In the first core of the AIOps architecture, Monitoring, undesirable events and incidents in the system are identified by observing various system parameters and using artificial intelligence and machine learning methods. An undesirable event could be a memory shortage in SQL Server, leading to performance degradation, or a failure in power supplies on HPE servers, which is another type of undesirable event. Once these events are identified, an incident must be created for each event, and actions must be taken to resolve or mitigate the impact of these incidents.
In the AIOps philosophy, the ideal state is that these operations, known as Remediation Actions, are automatically performed to restore the system to its normal state.
In the Observe and Engage phases, operations related to detection, analysis, and management of undesirable events are carried out. The third section, Act, maximizes the benefits of using the AIOps approach for an organization. This is because organizations, not only are able to detect system errors and find the root cause, but also have mechanisms to automatically resolve these errors without human intervention. One of the most important processes in this core of AIOps architecture is the automatic remediation of incidents. Various solutions can be implemented to achieve this goal. For example, running automated scripts in PowerShell or Shell Script to reboot or restart services is one of the simplest automated operations that can be performed in this context.

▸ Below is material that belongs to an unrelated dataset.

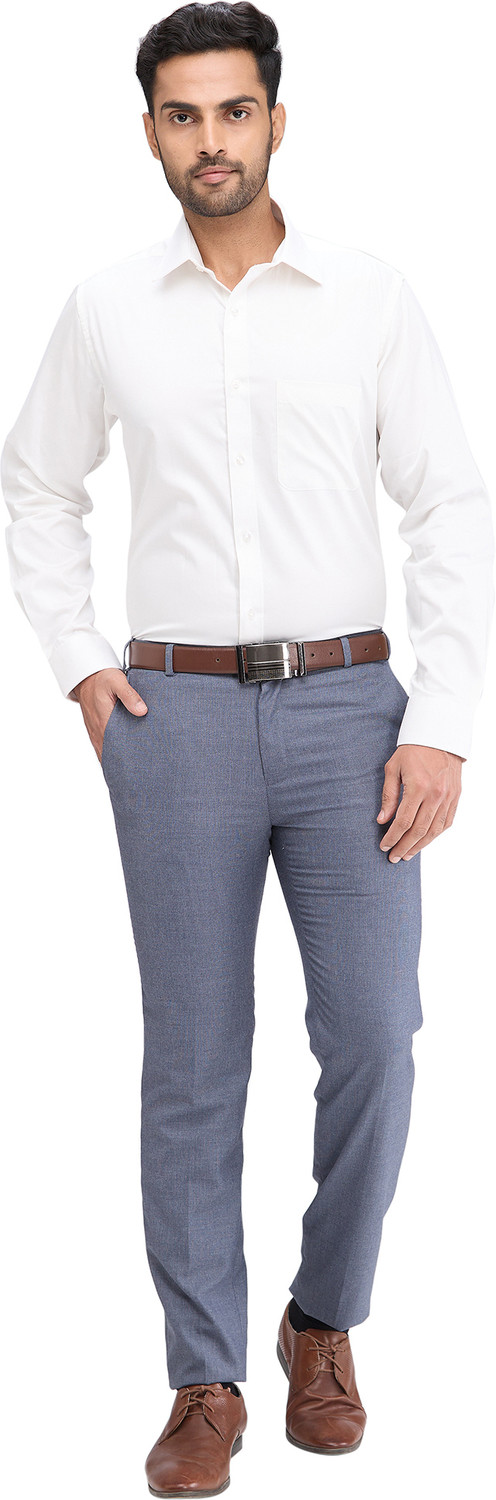 Image of Raymond Men Slim Fit Solid Formal Shirt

In the previous section, one of the proposed frameworks for AIOps was introduced. Here, we will examine one of the suggested categorizations related to the methods employed in AIOps. In this categorization, the approaches that have gained significant attention from AIOps researchers in recent years are mainly grouped into two categories: 1) Failure Management and 2) Resource Provisioning.

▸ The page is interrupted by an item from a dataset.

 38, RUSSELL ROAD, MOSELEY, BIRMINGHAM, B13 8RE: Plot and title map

In the Failure Management category, various methods are discussed related to error prevention, error prediction, error detection, and root cause analysis of errors. In the Resource Provisioning category, various methods related to resource allocation, resource consumption scheduling, and workload forecasting are explored.

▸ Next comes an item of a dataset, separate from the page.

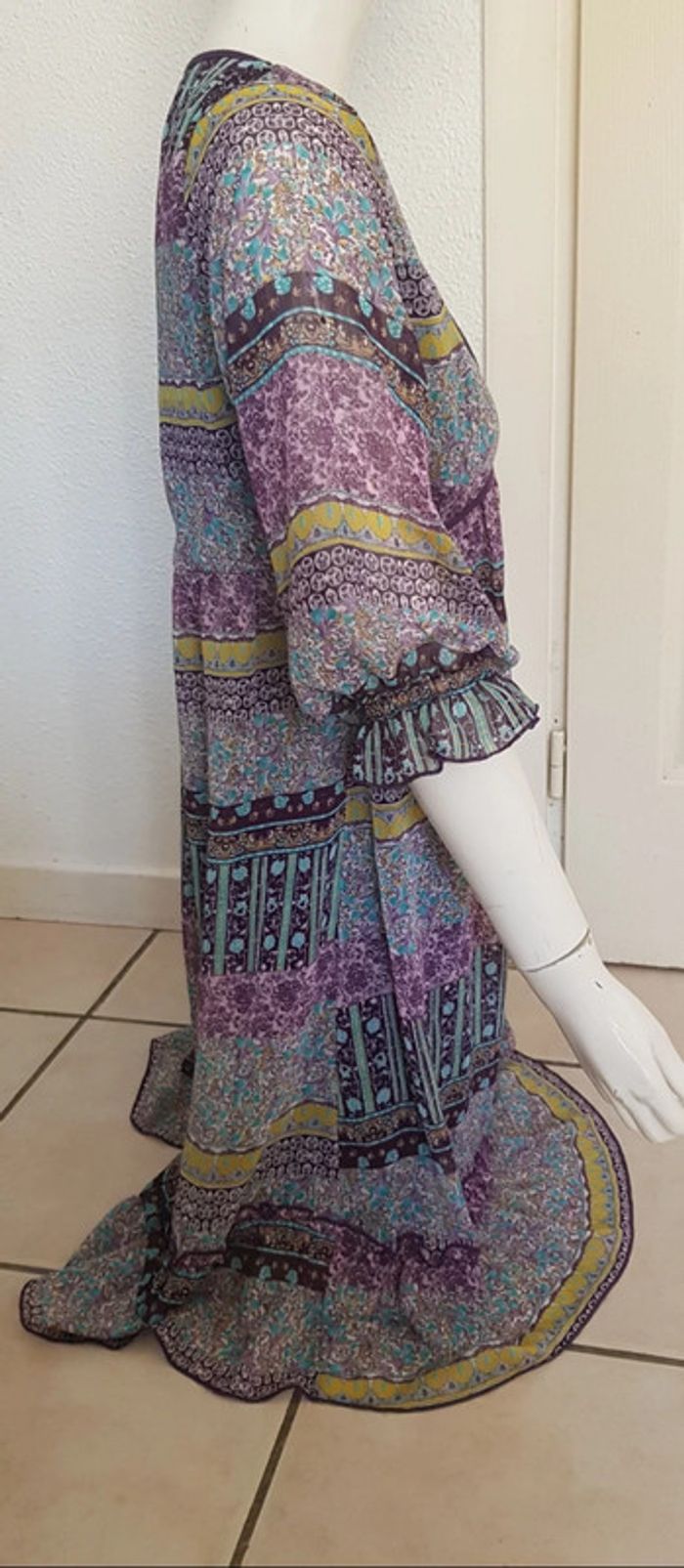 Robe bohème fleurie en voile doublée - photo numéro 7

Each of these categories utilizes different methods, which will be discussed in more detail in future articles.
In this article, the concept of AIOps was introduced, highlighting the necessity of adopting an AIOps-driven approach in various organizations. Additionally, different components of a proposed AIOps framework were presented. The three core elements of the proposed AIOps architecture are Observe, Engage, and Act, each of which serves different goals and covers various processes in the lifecycle of an AIOps-based platform.
Considering the complexity of IT infrastructures and services on one hand, and the increasing use of artificial intelligence-based methods on the other, it is expected that the AIOps mindset will continue to penetrate the field of IT services and monitoring tools. Over time, more organizations and companies are likely to move towards automating their processes with the AIOps approach.